I’m writing today during the final moments of the waxing of a Super Blue Moon. I have barely slept the last two nights, and, in total transparency, I have been a bit grumpy. My kids might even say I have been a LOT grumpy. Heck, even I would say I’ve been a LOT grumpy, now that I really think about it. 

I feel on edge. Like I am teetering somehow on the cusp of something. 

(“Oh,” says the voice in my head, “Kinda like the moon is right now.”)

Riiiight…

I gotcha.

The Super Blue Moon is teetering on the edge of full-on freakin’ brilliance and so, I dare to imagine, am I. 

(Did I really just write that? Sounds a bit…bold? Braggy? Ego-centric, maybe, to suggest that I am teetering on the edge of brilliance…ewwww…I am deeply uncomfortable right now…can I really publish this?! Yikes…)

I take a deep breath…let these emotions and their ensuing reactions float away. I deliberately re-place my feet firmly and squarely on the floor in front of me. Left foot. Right foot. I breathe deeply again. Square my shoulders. And pause.

“What if it’s true,” I hear, tentatively, quietly, a bit like I imagine the voice of one Cindy Lou Who (who was no more than two.)

“What if it’s true,” she repeats, “What if it’s true and you really are teetering on the edge of your own brilliance?” She asks, blinking up at me with those big, wide eyes with their massively long lashes.

I blink back at her, much like the Grinch caught in his act, a bit astonished to hear this wee voice, a bit startled by her precocity…and wondering, quite frankly, if I can come up with a lie and pat her on the head and send her back to bed…

But instead, I sink to the floor beside her.

“I don’t know, Cindy Lou, what if it is true? What would it mean, what would I do?”

(I cannot, even in the depths of this pseudo-existential crisis, resist a good rhyme.)

And we sit and we sit until our sitters are sore,

What could it mean? What’s the future have in store?

And here’s the thing, Dear Reader…I just do not know. Even though it is “right there,” even though I can practically taste it, I simply do not know what the heck any of this means.

And so, I stand up. I reach out my hand and help Cindy Lou to her feet. We brush the dust and dog hair from our bottoms and take stock of our surroundings.
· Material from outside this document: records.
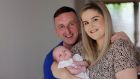Laura Curtis from Baldoyle in Dublin with her partner Robbie Dalton and their baby Demi. Photograph: Alan Betson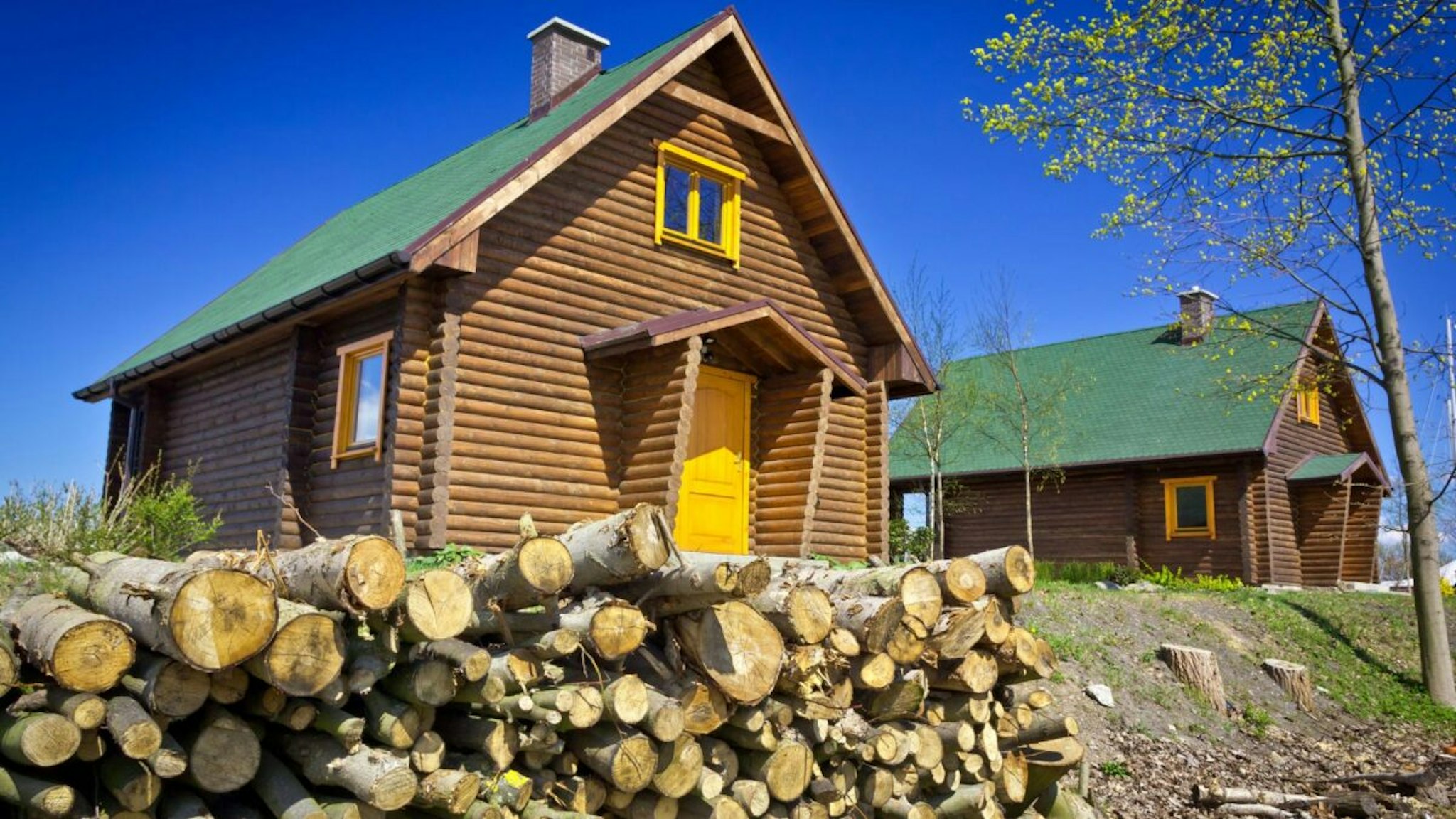 Spring view of the stacked Logs and camping cabins against blue sky
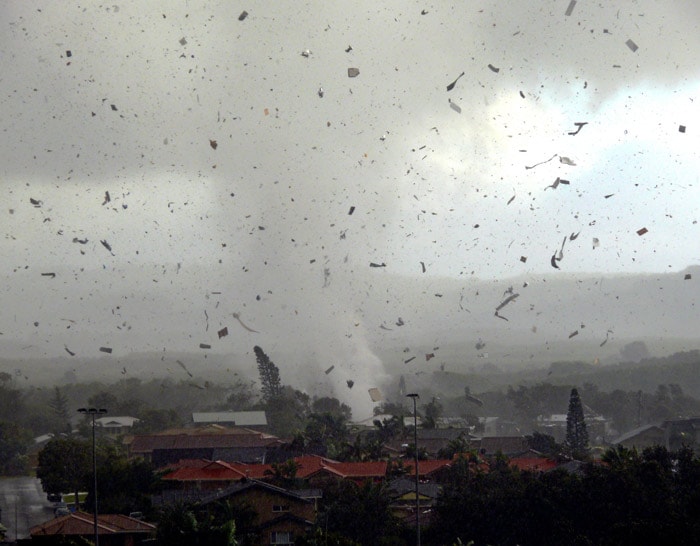 Debris flies through the air as a freak tornado tears through the coastal town of Lennox Head on June 3, 2010. The storm levelled 12 homes and damaged another 30, with twisting winds carving out a 300 metre-wide path of destruction, injuring six people and leaving thousands without power. (Photo: AFP)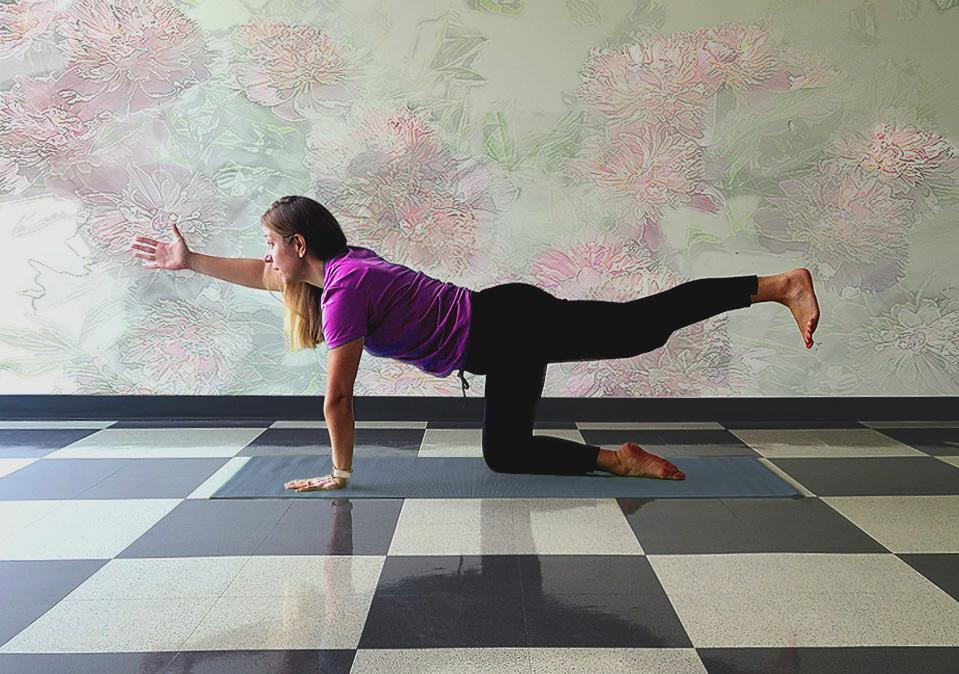 Health coach demonstating the bird dog yoga pose on a gray mat with pastel muted wall in the background and a white and black checkered floor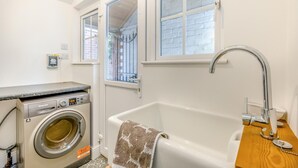 Casa de banho compacta com máquina de lavar, banheira e janela com vista.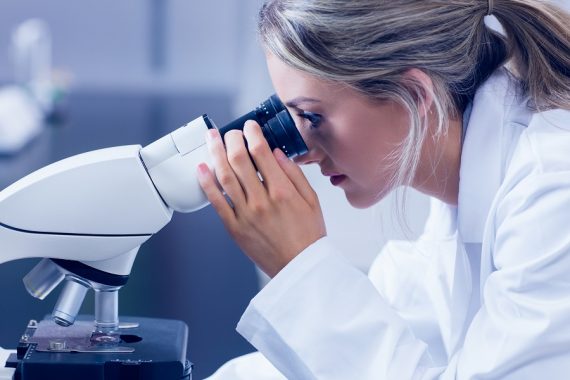 Science student looking through microscope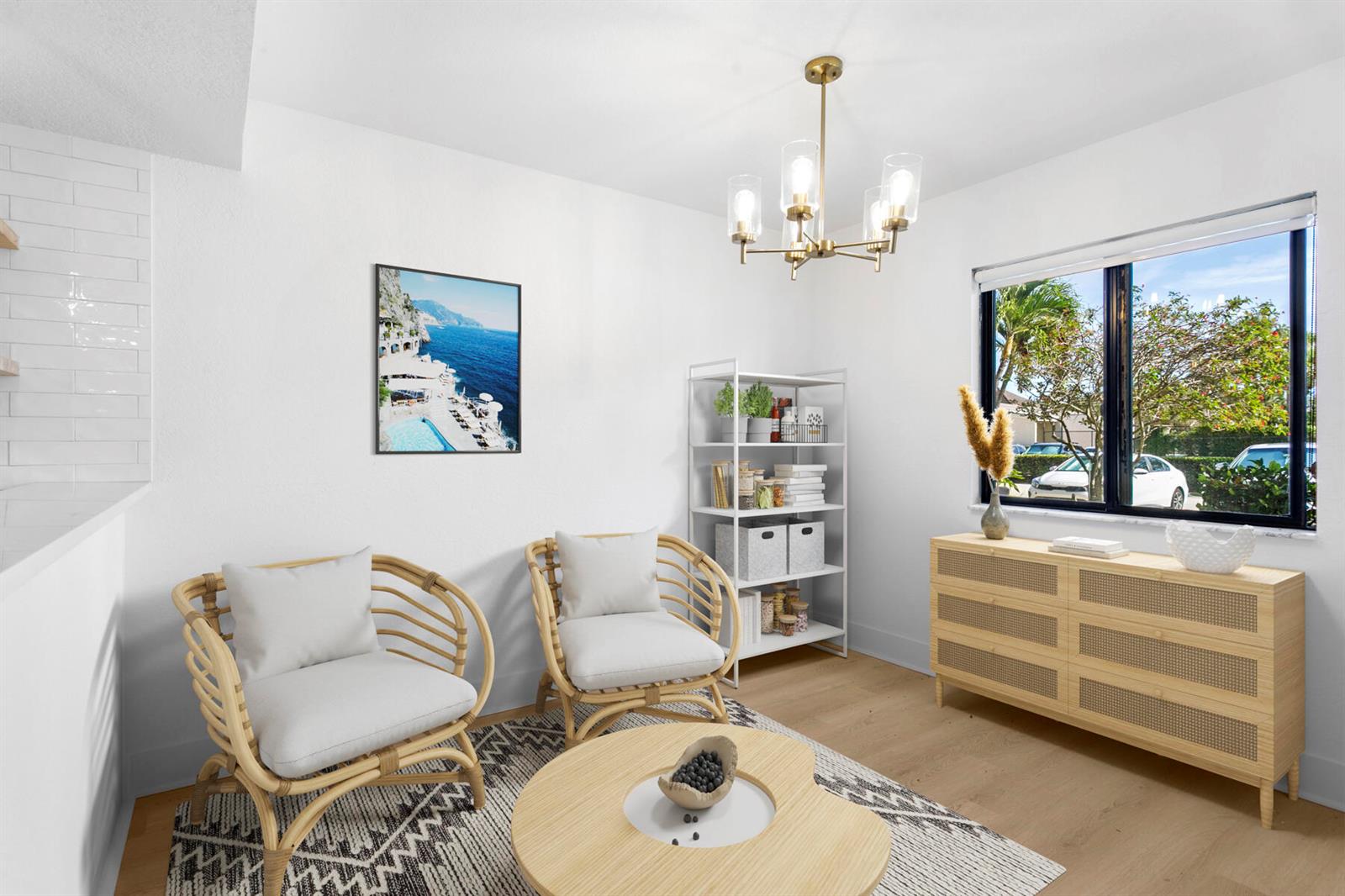 A bright living room features two rattan chairs, a wooden dresser, and a modern chandelier — 601 Seafarer Circle # 101, Jupiter FL 33477, JUPITER, FL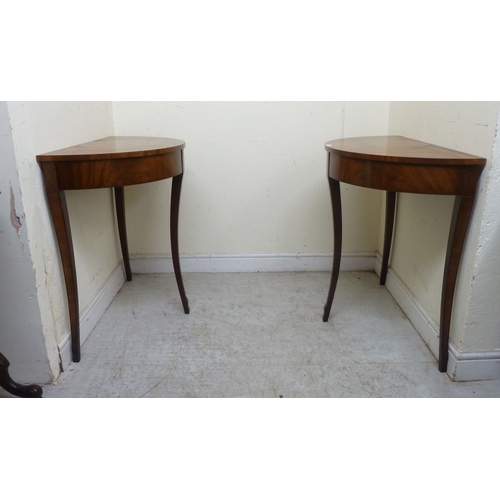 11 - A pair of modern Regency style mahogany finished demi-lune side tables, raised on sabre legs&nbsp; 3... 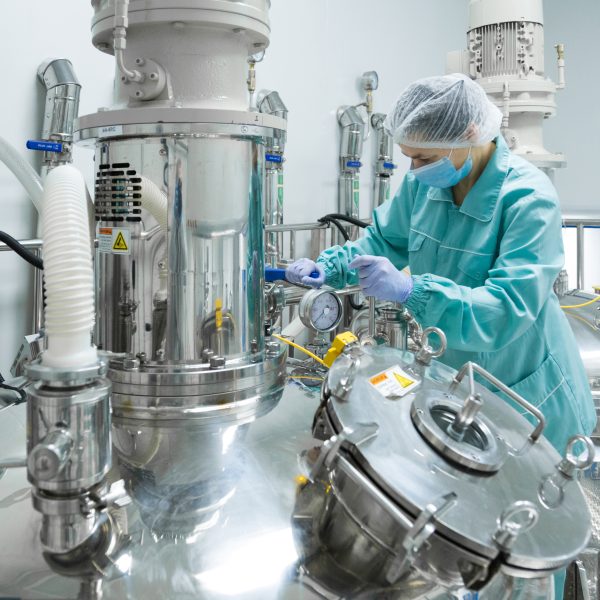 Pharmaceutical factory woman worker protective clothing operating production line sterile environment 600x600
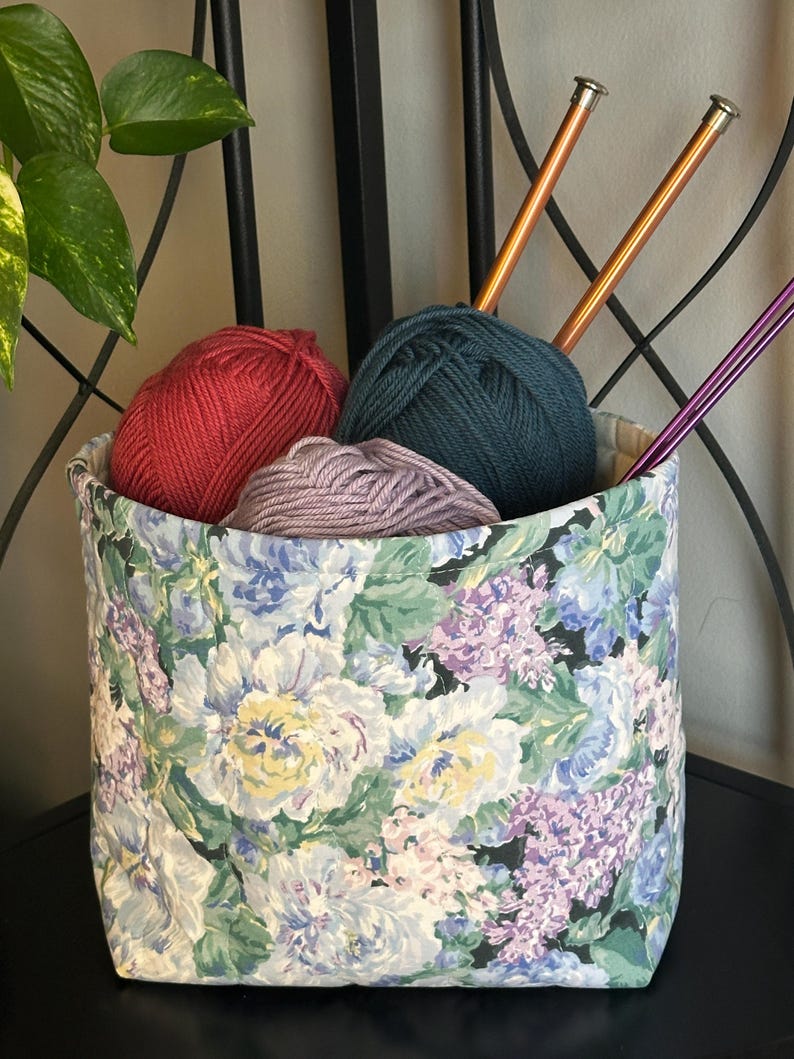 May include: A fabric storage basket filled with yarn and knitting needles. The basket has a floral pattern with white, blue, and purple flowers. Inside are balls of red, teal, and lavender yarn, along with two copper and two purple knitting needles.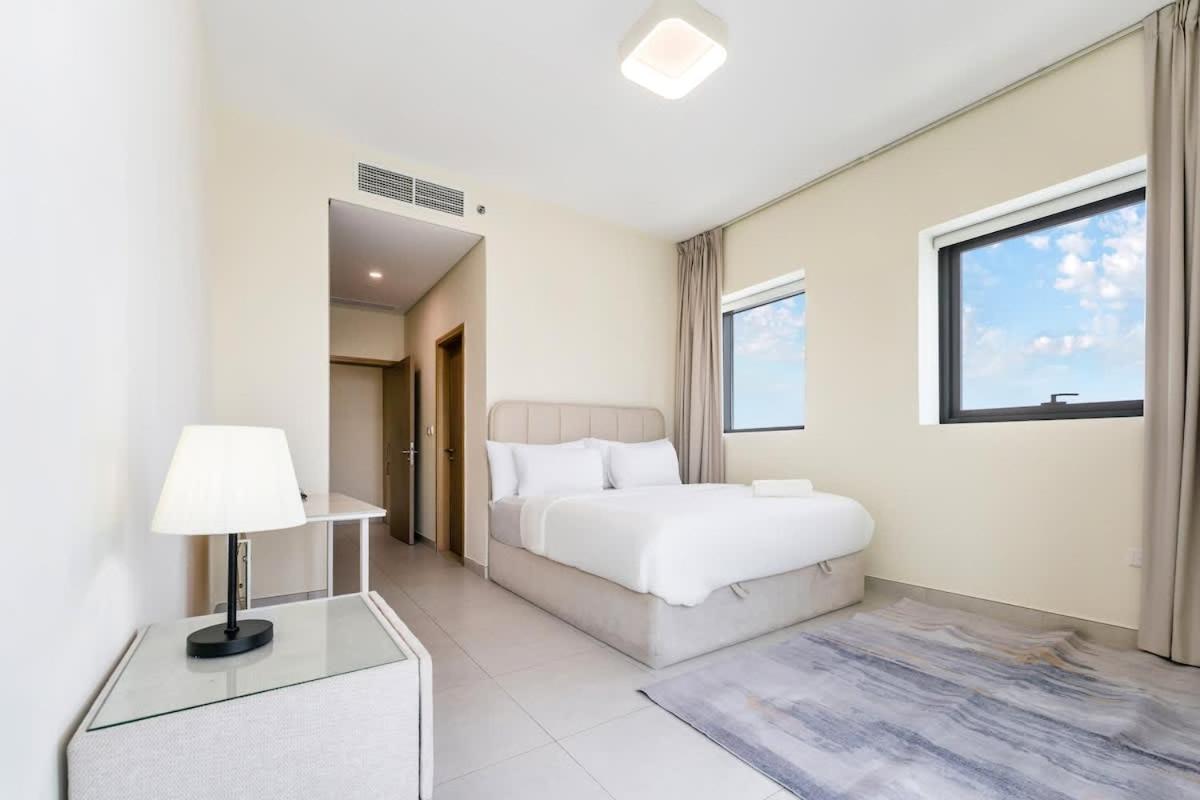 FAM Living - 2BR Apartment with Burj & Canal Views at The Bay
“You know what, Cindy Lou? It really doesn’t matter, does it? I mean, I feel this teetering and I sense my own ‘waxing,’ if you will, but as to what that means or what I shall do, well, it doesn’t actually matter. Because here we are, we two, and the sun is shining, and the birds are singing, and all I really care about is that we are together and good things are happening and I would really like a cup of tea and a cookie. How about you?”

And she giggles and places her wee hand in mine, and I know that this moment, this very precise moment, is integral to whatever actually is coming next. This moment of letting go of needing to know, this moment of tending to my immediate needs, this moment of noticing all the goodness that surrounds me, this moment of taking this small hand in my own and sharing a cuppa and a cookie…

This moment is actually ME in my full-on freakin’ brilliance. And I shall allow this to be enough.